Ironically in 2018, the congresscritters refused to fund upgrading of the old OC-135 which is the only US compliant aircraft. That poor old 135 is still limping around on the original J-57 engines, and I’m not sure there are even any spares left for them. It’s a matter of time until it breaks and is stuck wherever it is… Hopefully NOT stuck in Russia!

More information on Open Skies is HERE. Note, this is NOT connected with the ICAO Open Skies policy…

Comments

Open Skies… — 8 Comments

  1. Hmmm. I will watching this unfold in time with keen eyes.

  2. Hey Old NFO;

    I was thinking of the ICAO thing at first…because my employer and the other big airlines in the United States had issues with the Middle Eastern Airlines were doing. But that is a post for another day. I also will be I am surprised that they haven’t upgraded the OC135 because the KC has been upgraded with CFM-56 series of engines…LOL I saw one last year during the veterans day celebration at my place of employment.

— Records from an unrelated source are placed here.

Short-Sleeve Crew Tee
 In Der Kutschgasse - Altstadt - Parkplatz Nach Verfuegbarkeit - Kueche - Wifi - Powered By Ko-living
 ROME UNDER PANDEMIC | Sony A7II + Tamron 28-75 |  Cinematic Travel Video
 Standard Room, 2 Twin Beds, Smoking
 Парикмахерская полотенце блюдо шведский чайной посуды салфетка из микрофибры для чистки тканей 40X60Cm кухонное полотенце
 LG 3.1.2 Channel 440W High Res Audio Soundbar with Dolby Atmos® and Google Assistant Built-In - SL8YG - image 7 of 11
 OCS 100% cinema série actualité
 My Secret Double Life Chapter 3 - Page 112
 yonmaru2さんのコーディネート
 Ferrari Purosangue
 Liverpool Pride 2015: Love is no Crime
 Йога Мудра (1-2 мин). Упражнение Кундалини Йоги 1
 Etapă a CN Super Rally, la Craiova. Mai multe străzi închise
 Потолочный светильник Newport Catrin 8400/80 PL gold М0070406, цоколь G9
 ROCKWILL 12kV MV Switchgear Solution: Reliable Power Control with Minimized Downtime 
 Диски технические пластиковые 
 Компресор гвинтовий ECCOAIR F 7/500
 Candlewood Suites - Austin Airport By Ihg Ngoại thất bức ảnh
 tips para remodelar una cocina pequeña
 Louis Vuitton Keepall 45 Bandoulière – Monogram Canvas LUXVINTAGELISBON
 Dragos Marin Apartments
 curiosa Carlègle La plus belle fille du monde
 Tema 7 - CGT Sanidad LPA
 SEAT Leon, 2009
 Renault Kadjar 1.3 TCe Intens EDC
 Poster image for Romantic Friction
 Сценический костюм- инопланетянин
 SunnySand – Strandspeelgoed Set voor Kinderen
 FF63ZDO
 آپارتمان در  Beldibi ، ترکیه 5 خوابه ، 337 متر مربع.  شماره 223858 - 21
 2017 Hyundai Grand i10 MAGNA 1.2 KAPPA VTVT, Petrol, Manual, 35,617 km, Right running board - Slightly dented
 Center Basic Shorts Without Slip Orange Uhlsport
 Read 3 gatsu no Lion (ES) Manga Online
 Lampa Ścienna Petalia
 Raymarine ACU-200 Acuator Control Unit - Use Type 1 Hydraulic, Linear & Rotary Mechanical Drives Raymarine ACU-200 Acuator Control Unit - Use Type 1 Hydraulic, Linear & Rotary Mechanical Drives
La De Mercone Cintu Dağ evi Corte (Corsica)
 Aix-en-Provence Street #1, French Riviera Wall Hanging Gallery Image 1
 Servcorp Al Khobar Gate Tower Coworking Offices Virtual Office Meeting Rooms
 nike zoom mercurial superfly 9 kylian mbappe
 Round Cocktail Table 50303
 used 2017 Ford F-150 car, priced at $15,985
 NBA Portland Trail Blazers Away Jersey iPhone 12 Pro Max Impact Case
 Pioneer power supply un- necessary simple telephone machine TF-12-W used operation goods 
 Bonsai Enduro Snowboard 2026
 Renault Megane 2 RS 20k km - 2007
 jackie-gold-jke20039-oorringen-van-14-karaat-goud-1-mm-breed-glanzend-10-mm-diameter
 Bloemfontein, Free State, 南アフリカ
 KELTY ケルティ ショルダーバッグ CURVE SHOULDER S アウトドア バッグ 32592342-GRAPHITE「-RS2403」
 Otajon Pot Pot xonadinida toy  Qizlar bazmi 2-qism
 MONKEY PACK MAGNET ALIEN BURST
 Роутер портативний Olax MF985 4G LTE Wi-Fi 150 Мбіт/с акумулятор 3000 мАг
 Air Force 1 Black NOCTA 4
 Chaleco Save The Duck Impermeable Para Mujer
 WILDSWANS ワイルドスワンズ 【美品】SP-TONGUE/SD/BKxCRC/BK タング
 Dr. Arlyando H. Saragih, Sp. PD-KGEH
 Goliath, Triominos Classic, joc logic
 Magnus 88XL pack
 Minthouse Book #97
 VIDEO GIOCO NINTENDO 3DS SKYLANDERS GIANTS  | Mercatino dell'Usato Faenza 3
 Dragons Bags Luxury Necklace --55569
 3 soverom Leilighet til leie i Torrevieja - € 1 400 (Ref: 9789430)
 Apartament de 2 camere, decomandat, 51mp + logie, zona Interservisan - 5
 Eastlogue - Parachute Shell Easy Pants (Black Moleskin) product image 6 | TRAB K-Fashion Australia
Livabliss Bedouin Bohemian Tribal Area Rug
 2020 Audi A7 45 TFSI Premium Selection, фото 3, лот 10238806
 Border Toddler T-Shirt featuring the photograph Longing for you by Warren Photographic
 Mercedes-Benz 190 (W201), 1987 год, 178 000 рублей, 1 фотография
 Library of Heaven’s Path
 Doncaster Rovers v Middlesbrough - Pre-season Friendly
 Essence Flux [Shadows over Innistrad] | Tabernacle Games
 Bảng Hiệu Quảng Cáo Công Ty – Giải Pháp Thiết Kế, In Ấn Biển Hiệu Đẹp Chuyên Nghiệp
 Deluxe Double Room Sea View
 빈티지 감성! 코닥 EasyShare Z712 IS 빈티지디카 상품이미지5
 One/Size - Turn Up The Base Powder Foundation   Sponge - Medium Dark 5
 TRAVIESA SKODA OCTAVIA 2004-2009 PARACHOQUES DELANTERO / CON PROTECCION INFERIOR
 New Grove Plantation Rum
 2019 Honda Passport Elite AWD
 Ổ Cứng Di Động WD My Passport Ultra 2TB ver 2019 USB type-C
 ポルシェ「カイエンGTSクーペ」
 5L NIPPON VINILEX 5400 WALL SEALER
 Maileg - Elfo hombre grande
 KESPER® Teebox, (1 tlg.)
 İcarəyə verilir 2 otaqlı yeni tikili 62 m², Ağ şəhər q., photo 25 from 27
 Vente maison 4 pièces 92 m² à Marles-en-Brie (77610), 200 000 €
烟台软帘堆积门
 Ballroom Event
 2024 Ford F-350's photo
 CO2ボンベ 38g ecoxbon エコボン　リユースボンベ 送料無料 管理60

  3. The Open Skies Program doesn’t really benefit the US. I realize that you can task an aircraft much more easily than you can re-task a satellite, but with the positionable space planes and more positionable ‘other platforms’ that we have on high ground and ability to resolve features (like telling the time from my wristwatch), it only benefits the technologically inferior nations. In this case, Russia.

  4. Fargo- LOL

    Bob- Yep, totally different issue. And I don’t think there ARE any spare engines… sigh

    LL- Exactly, but we’re not going to admit that.

    WSF- Of course. Sigh…

  5. The early KC-135’s were (overloaded..underpowered) & in great peril if they lost either the water-injection or an engine on takeoff. No flight data recorder’s but in 1965 ? a Tanker lost an engine on takeoff at Castle AFB & begin dumping fuel immediately, (probably at the end of the runway) & struggle until getting lighter. It’s flat out there & as the Tanker struggled to survive (when the water injection ran dry), with gear lowered the Aircraft bounced off a highway, took out a very light power line & flew. The aircraft & crew survived so we know exactly what happened. We recalibrated the Flight Simulators to reflect the new information. SO NOW WITH MORE POWERFUL ENGINES I THINK THEY HAVE ADDED RUBBER FUEL BLADDERS IN THE CARGO AREA TO KEEP THEM OVERLOADED.

  6. Heh. I remember Open Skies. Every time the Russians filed a flight path around the US, folks I know went into a feeding frenzy figuring out what needed to be hidden, what could be hidden, and how to hide what was vulnerable based on the Open Skies sensor capabilities.
    LL’s comment is very accurate. Space-borne sensors are much better nowadays compared to when Open Skies started.